On Monday morning a university student wearing black tactical gear and a helmet roamed through the densely populated campus wielding a hunting rifle and shooting down people in his path.

He was eventually confronted by police and wounded while being detained, then hospitalized.

There has been no indication yet of any motive for the attack.

The rampage caused chaos on the campus, with footage on social media showing dozens of students leaping through windows to evade the attacker.

President Vladimir Putin described the incident, which claimed the lives of one man and five women aged between 18 and 66, as a "great loss" for the entire country. 

On Tuesday morning, police had closed off the university's mainly Soviet-era buildings except to senior staff.

The attack in Perm, some 1,300 kilometers from Moscow, was the second mass shooting to target students in Russia this year and came with growing attention on gun control laws.

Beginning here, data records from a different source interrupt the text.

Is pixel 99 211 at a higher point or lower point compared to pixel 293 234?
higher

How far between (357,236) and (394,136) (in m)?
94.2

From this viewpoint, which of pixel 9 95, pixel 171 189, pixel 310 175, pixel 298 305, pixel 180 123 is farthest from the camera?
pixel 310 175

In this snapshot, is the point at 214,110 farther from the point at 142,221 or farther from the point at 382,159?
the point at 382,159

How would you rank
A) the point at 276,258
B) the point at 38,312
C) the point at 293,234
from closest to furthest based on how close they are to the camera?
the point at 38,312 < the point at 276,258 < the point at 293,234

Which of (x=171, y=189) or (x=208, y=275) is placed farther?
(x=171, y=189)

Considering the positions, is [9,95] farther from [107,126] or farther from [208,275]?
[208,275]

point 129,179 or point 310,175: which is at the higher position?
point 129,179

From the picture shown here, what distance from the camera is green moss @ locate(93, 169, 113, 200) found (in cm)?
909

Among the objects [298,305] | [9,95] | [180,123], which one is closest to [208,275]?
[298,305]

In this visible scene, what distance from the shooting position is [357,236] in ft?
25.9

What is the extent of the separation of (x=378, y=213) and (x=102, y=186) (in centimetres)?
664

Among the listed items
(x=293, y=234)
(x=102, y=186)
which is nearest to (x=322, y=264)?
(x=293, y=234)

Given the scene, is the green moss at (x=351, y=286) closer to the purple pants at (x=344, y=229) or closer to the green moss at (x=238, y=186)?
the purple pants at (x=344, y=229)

'Important to be together'

Kremlin spokesman Dmitry Peskov said Monday that legislative action had already been taken to further restrict gun-buying since the first attack this year in the city of Kazan, which left nine people dead. 

He said authorities would analyze what had happened this time.

Investigators said the student who carried out Monday's shooting had legally obtained the hunting rifle earlier this year.

Of around two dozen people injured in the attack, nine were in a critical condition, said Health Minister Mikhail Murashko, who was dispatched to the scene to coordinate a response.

Local media said Education Minister Valery Falkov visited injured students in the hospital Monday evening and said those that need more intense care will be taken to Moscow. 

One of Punina's students was among those badly wounded, she told an AFP journalist at the memorial and had undergone surgery after being shot in the stomach.

"We really hope everything will be okay with her," she said.

Ekaterina Nabatova, a former student who had come to pay her respects, said some of her former teachers and classmates now working at the university had been on campus during the attack.

"They were all there yesterday," she said. "It's very hard for the whole city. It's important for us to be together today."

Authorities have blamed foreign influence for previous school shootings, saying young Russians have been exposed online and on television to similar attacks in the United States and elsewhere.

In November 2019, a 19-year-old student in the far eastern town of Blagoveshchensk opened fire at his college, killing one classmate and injuring three other people before killing himself.

In October 2018, another teenage gunman killed 20 people at a Kerch technical college in Crimea, the peninsula Russia annexed from Ukraine in 2014.

He was shown in camera footage wearing a similar T-shirt to Eric Harris, one of the killers in the 1999 Columbine High School shooting in the US, which left 13 people dead.